Состояние максимальной чуткости. Как гормоны меняют мозг будущей матери
В издательстве «Манн, Иванов и Фербер» вышла книга «Родительская интуиция. Нейронаука о том, как нас меняет родительство» журналистки и мамы двоих детей Челси Конабой. Опираясь на новейшие нейробиологические исследования и многочисленные интервью с родителями, автор рассказывает о том, как рождение ребенка влияет на женщину эмоционально, психологически и физиологически. Публикуем фрагмент из главы, посвященной тому, как гормоны перестраивают мозг родителей.
Вскоре после того, как мой муж Юн получил права на управление дроном, он отправился испытать его на Скарборо Марш — болотистый лиман в штате Мэн. Все лето напролет здесь собираются группы туристов, которые гребут в своих разноцветных байдарках по узким протокам в соленых водах болота, распростершегося более чем на три тысячи акров. Время от времени мы с семьей гуляем здесь по специально оборудованной вдоль старой железной дороги тропе, которая прямой линией пересекает местность, состоящую сплошь из плавных изгибов. Еще чаще мы катаемся тут на машине, наблюдая, как свежую весеннюю зелень неизменно сменяют белые и серые оттенки зимы — эти извечные приметы времени. Подобные пейзажи типичны для здешних мест. И все же видеоряд, который удалось в тот день заснять Юну, показал нам Скарборо Марш с новой стороны.
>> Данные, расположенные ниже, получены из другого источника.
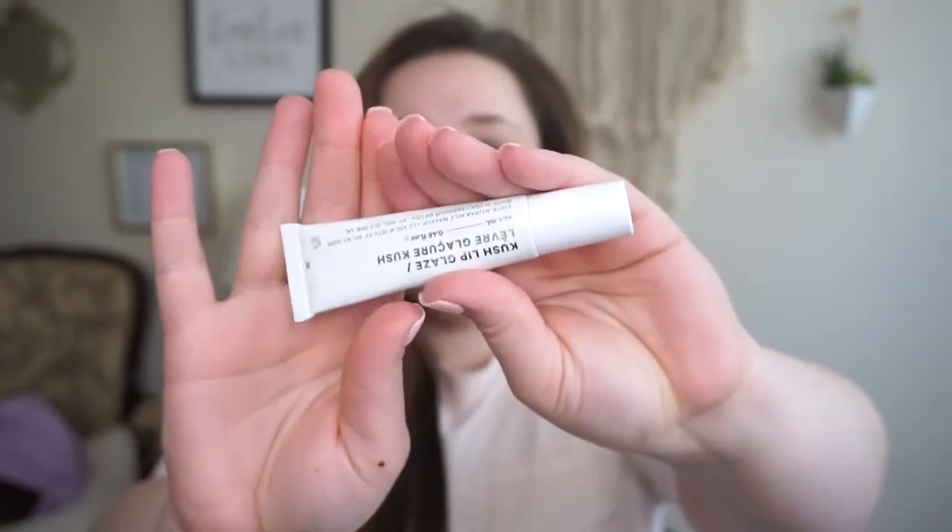I'm going to start off with my new — well, new to me — Milk Makeup Kush Lip Glaze. This is amazing. I love the applicator; it's like a stainless steel kind of tip and it's very cooling. It just feels so good on the lips. It has a hemp-derived cannabis oil base which is really moisturizing and smells good. I've been putting this on to start off my makeup and then wiping it off before I put on any lip products.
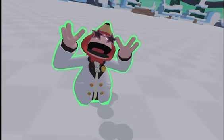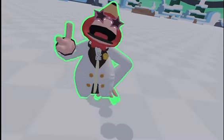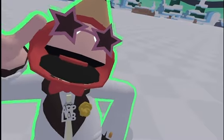Hey, what's up everybody! Today I want to be trying to build the lab rat logo inside of Yeeps Hide and Seek. If you want me to make more tutorials like this, make sure to like and subscribe.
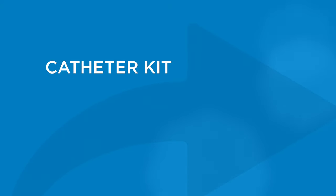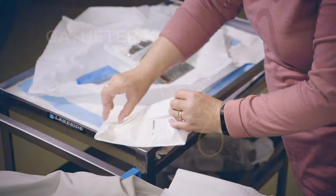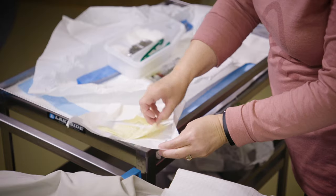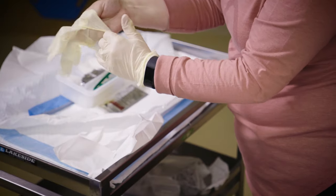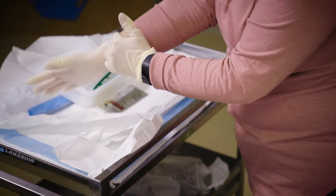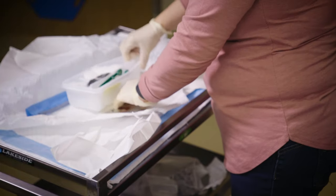In the catheter kit, remove the drape, which is the top layer of the kit. Discard the drape. Underneath the drape, you will find a package of sterile gloves. Do not open the package of sterile gloves over your clean work area. Open the sterile gloves to the side or away from the clean work area, then put on your sterile gloves. You can now touch all of the items in the clean work area.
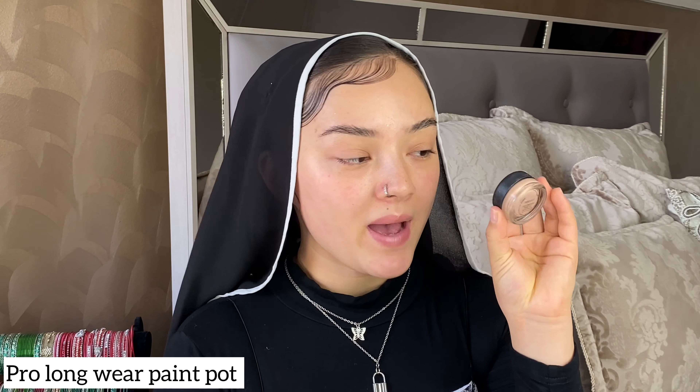Starting with my base for my eyes, I'll be using the Painterly Paintpot by MAC — it is one of my favourite eye primers. I'll be using the Morphe M166 brush, which is a flat brush, to apply the eye primer on my eyes. After applying that, I'm going to be using the Huda Beauty Powder in Cupcake just to set my primer so it doesn't crease.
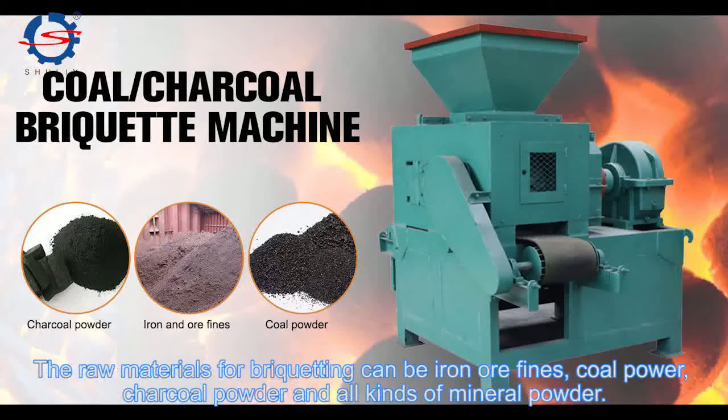The raw materials for brick cutting can be iron ore, coal powder, charcoal powder, and all kinds of mineral powder.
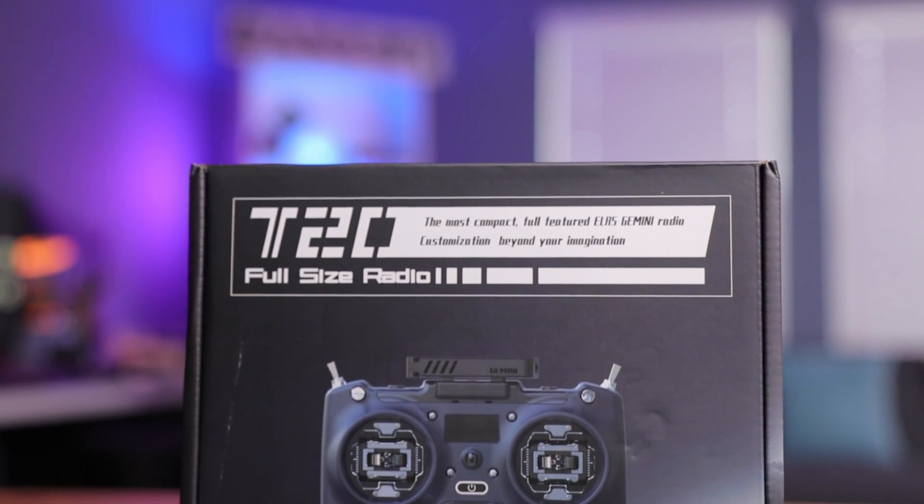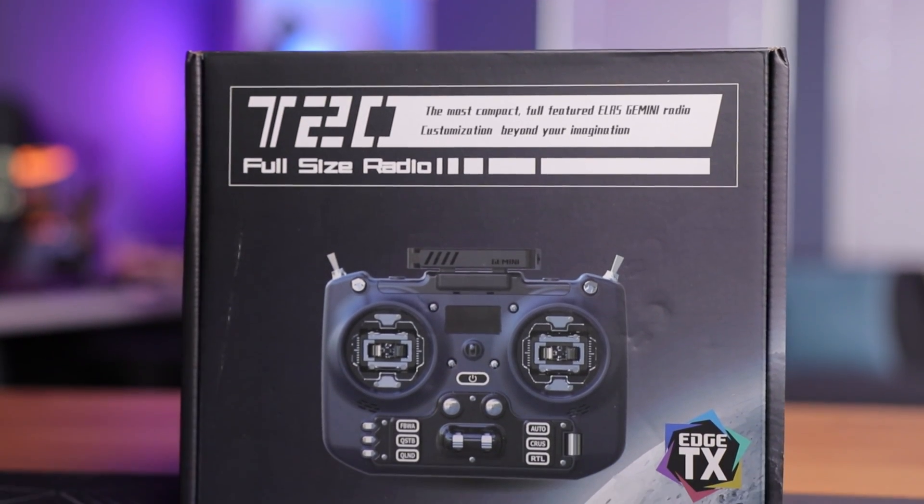I've done a full review on the Nazgul 5V2 as well, showing how it works — I'll leave that linked above and below. Let me know what you think about the T20 Gemini. It's pretty cool that Jumper is innovating by putting Gemini built right into the radio. If you want to get one of these radios — whether the T20S or T20 Gemini — I'll leave links above and below. Thanks for watching, and I'll see you in the next one. Peace.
Глядя сверху, я заметила, что большие участки, заросшие травой, неодинаковы и не цельны, а разнородны. Зеленые стебли собираются в завитки и ложатся друг на друга, окружая небольшие бассейны с водой и обводя изгибы протоков. Цветовые пятна подсказывают, где располагаются травянистые бугорки, а где канавы, в которых вода испарилась, а соль кристаллизовалась на солнце. Вода становится небом, отражение пышных белых облаков видно сквозь длинные узкие дорожки между зарослями тростника. С такой точки обзора верх превращается в низ. Пространство и время кажутся неразличимыми. Большое состоит из множества мельчайших деталей.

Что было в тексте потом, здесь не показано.